Streaming DataFrame creation and execution is lazy
-  specify transformations on our streaming DataFrame before finally calling an action to start the stream. In this case, we’ll show one simple transformation—we will group and count data by the gt column, which is the activity being performed by the user at that point in time:

In [0]:
activityCounts = streaming.groupBy("gt").count()

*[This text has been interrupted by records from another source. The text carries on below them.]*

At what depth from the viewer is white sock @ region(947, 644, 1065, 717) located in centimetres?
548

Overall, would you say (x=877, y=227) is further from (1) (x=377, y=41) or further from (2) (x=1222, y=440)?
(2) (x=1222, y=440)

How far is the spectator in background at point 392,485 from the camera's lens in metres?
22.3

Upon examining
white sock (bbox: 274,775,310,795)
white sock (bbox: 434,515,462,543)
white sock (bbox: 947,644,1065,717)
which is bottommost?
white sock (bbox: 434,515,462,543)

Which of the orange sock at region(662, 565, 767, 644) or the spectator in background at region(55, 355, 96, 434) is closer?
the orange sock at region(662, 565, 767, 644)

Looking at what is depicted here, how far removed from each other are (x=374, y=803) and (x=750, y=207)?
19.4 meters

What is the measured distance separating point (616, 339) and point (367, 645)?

specify our action to start the query.
-  specify an output destination, or output sink for our result of this query. 
- write to a memory sink which keeps an in-memory table of the results. 
- define how Spark will output that data. 
- use the complete output mode - rewrites all of the keys along with their counts after every trigger

In [0]:
activityQuery = activityCounts.writeStream.queryName("activity_counts")\
  .format("memory").outputMode("complete")\
  .start()


In [0]:
from time import sleep
for x in range(5):
    spark.sql("SELECT * FROM activity_counts").show()
    sleep(1)


Selections and Filtering
-  All select and filter transformations are supported in Structured Streaming
-  as are all DataFrame functions and individual column manipulations
- We show a simple example using selections and filtering below. 
- In this case, because we are not updating any keys over time, we will use the Append output mode, so that new results are appended to the output table:

In [0]:
from pyspark.sql.functions import expr
simpleTransform = streaming.withColumn("stairs", expr("gt like '%stairs%'"))\
  .where("stairs")\
  .where("gt is not null")\
  .select("gt", "model", "arrival_time", "creation_time")\
  .writeStream\
  .queryName("simple_transform")\
  .format("memory")\
  .outputMode("append")\
  .start()


Aggregations
-  can specify arbitrary aggregations, as you saw in the Structured APIs
- can use a more exotic aggregation, like a cube, on the phone model and activity and the average x, y, z accelerations of our sensor
- (jump back to Chapter 7 in order to see potential aggregations that you can run on your stream)

In [0]:
deviceModelStats = streaming.cube("gt", "model").avg()\
  .drop("avg(Arrival_time)")\
  .drop("avg(Creation_Time)")\
  .drop("avg(Index)")\
  .writeStream.queryName("device_counts").format("memory")\
  .outputMode("complete")\
  .start()


In [0]:
display(spark.sql("SELECT * FROM device_counts"))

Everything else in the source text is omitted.